In front of the War Tepee of Running Rabbit were two women drying and curing meat. They cut it into thin slices and smoked it, hanging it on a scaffold of poles and left it to cure in sun and wind. They made pemmican from choice pieces of dried meat, pounding it with stone hammers and mixing with crushed wild cherries, together with marrowfat and tallow. For the marrow, they boiled cracked bones and skimmed off the fat. They split tongues the long way and dried them in the sun. The tongues were a great delicacy together with beaver tails.

Meat was the chief article of diet for the Blackfoot; they were unhappy without it. In former years, when wild game was plentiful, they lived mostly on the flesh of buffalo and the deer species, but of late years on cattle. Their favorite way of preparing meat was by boiling, or in the form of soup. Sometimes they ate dogs at ceremonial feasts; but this was not a common custom.

In the circle camp, I saw preparations for a dog feast by a band of visiting Assiniboine Indians.
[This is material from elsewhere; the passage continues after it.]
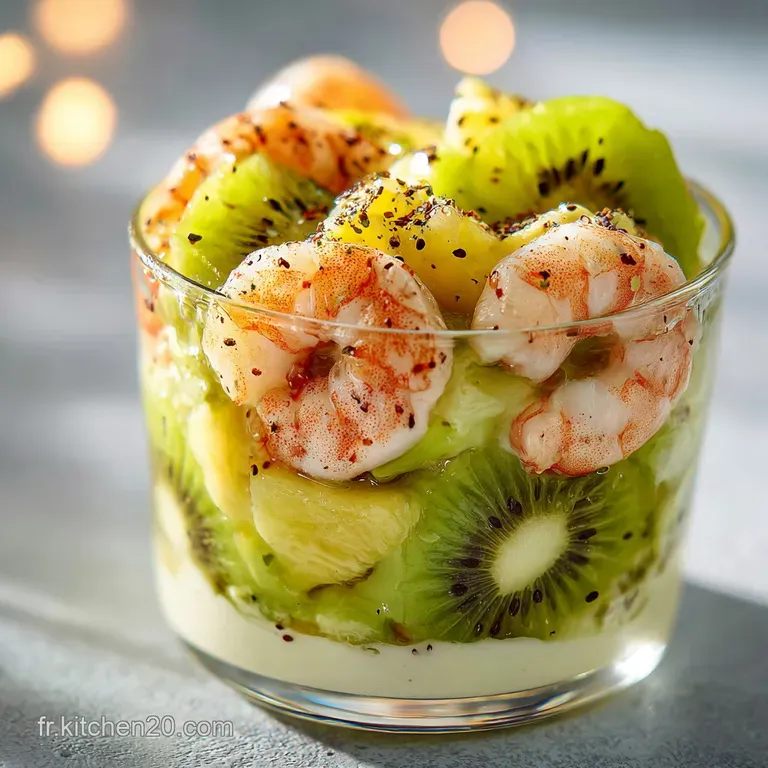 Elegant shrimp verrine: layers of pink shrimp, smooth avocado cream, and bright kiwi arranged artfully in a clear glass fo...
Near our lodge was Eagle Child, who owned a litter of fat puppies. He had a miniature tepee for them, where they slept and had shelter from the hot sun. I saw them playing daily before my door. One night all of the puppies mysteriously disappeared; Eagle Child and none of his neighbors knew what had become of them. But I finally solved the mystery. While walking among the lodges of the Assiniboines, who were on the outskirts of the big camp, I saw their women cooking over an outside fire. In the hot ashes were the remains of my puppy neighbors with their hair singed off, while some were boiling in a kettle. Nothing was wasted. At one side was a pile of little puppy legs and paws to be used for soup.